Protein function prediction from big domain similarity graphs
Abstract
Thanks to recent developments in genomic sequencing technologies, the number of protein sequences in public databases is growing enormously.
To enrich and exploit this immensely valuable data, it is essential to annotate these sequences with functional properties such as Enzyme Commission (EC) numbers, for example. The January 2023 release of the Uniprot Knowledge base (UniprotKB) contains around 250 million protein sequences. However, only about half of a million of these (UniprotKB/SwissProt) have been reviewed and functionally annotated by expert curators using data extracted from the literature and computational analyses. To reduce the gap between the annotated and unannotated protein sequences, it is essential to develop accurate automatic protein function annotation techniques.
In this talk, I will present GrAPFI (Graph-based Automatic Protein Function Inference) for automatically annotating proteins with EC number functional descriptors from a large protein domain similarity graph. GrAPFI performs automatic inference on a network of proteins that are related according to their domain composition. The evaluation of GrAPFI shows that it gives better performance than other state of the art methods.
About the speaker
Sabeur Aridhi is an Associate Professor (Maître de conférences) of Computer Science at TELECOM Nancy at the University of Lorraine.

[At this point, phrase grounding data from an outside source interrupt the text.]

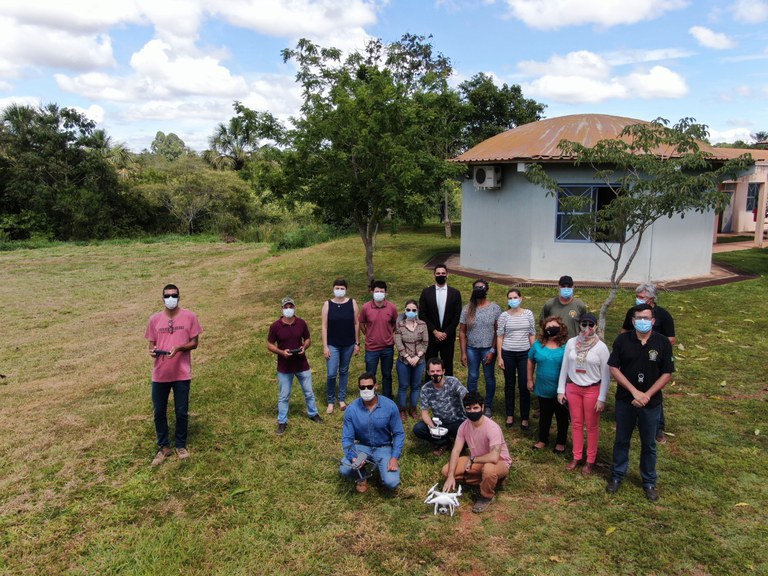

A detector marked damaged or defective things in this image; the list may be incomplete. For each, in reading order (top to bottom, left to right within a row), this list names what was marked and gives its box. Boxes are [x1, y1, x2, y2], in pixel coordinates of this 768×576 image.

rusty metal roof [452, 113, 752, 163]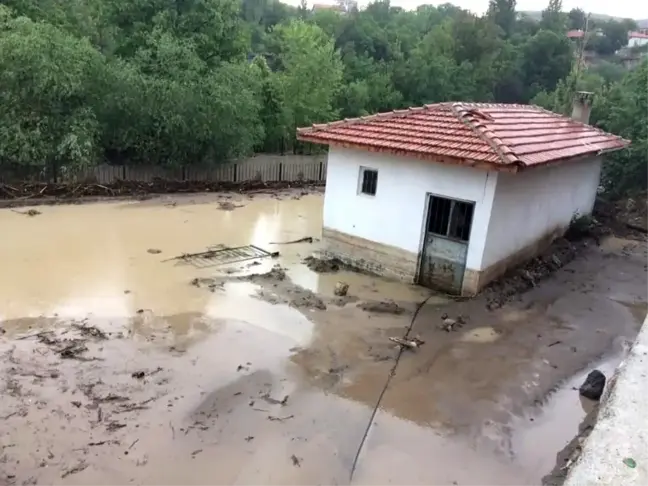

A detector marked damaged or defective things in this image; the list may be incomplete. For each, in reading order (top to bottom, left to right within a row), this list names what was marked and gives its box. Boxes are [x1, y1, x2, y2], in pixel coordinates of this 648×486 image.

damaged structure [298, 93, 628, 294]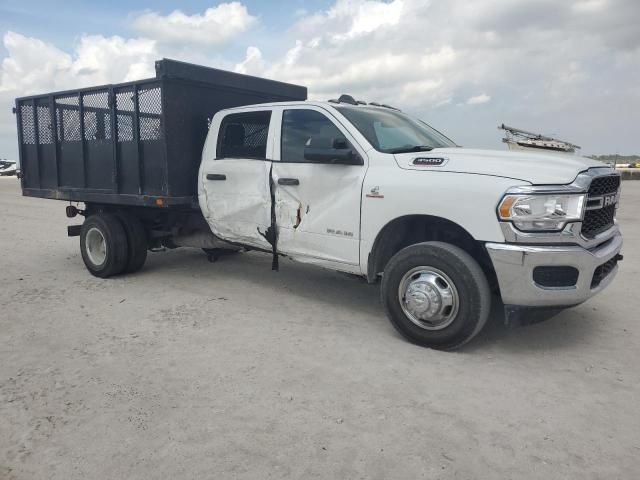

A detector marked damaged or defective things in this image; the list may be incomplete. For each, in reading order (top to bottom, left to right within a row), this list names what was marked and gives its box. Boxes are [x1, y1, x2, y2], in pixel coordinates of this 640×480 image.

damaged passenger door [201, 110, 274, 249]
damaged passenger door [272, 106, 368, 268]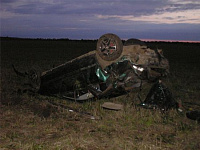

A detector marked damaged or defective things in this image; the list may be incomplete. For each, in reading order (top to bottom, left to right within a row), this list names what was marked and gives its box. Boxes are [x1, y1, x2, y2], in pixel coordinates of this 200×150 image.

overturned vehicle [14, 33, 170, 100]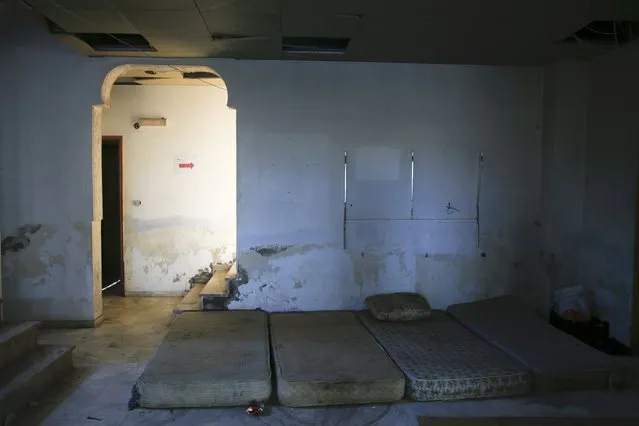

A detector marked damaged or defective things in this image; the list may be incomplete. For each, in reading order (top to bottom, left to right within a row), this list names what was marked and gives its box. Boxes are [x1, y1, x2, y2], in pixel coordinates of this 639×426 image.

damaged ceiling panel [20, 0, 639, 65]
peeling paint wall [102, 85, 235, 294]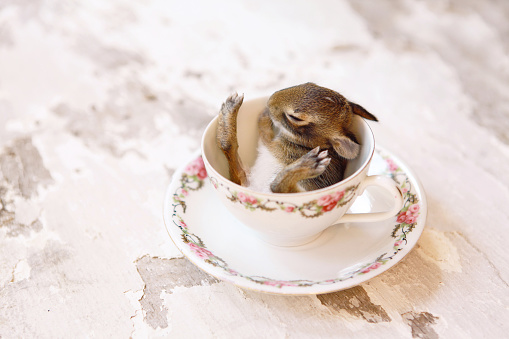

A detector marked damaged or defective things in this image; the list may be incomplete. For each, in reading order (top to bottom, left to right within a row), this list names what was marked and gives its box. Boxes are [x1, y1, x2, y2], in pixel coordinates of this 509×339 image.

peeling paint [133, 258, 218, 330]
peeling paint [318, 286, 388, 324]
peeling paint [402, 312, 438, 339]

He is member of Capsid research team (Inria – CNRS) at the Lorraine Laboratory of Research in Computer Science and its Applications (LORIA). Previously, he worked as a postdoctoral researcher at Aalto University in Finland and as a research fellow at the University of Trento in Italy. He received his Ph.D. in Computer Science from the Blaise Pascal University, France in 2013.
His research interests include Big Data Management and Analytics, Data Mining, machine learning and Bioinformatics.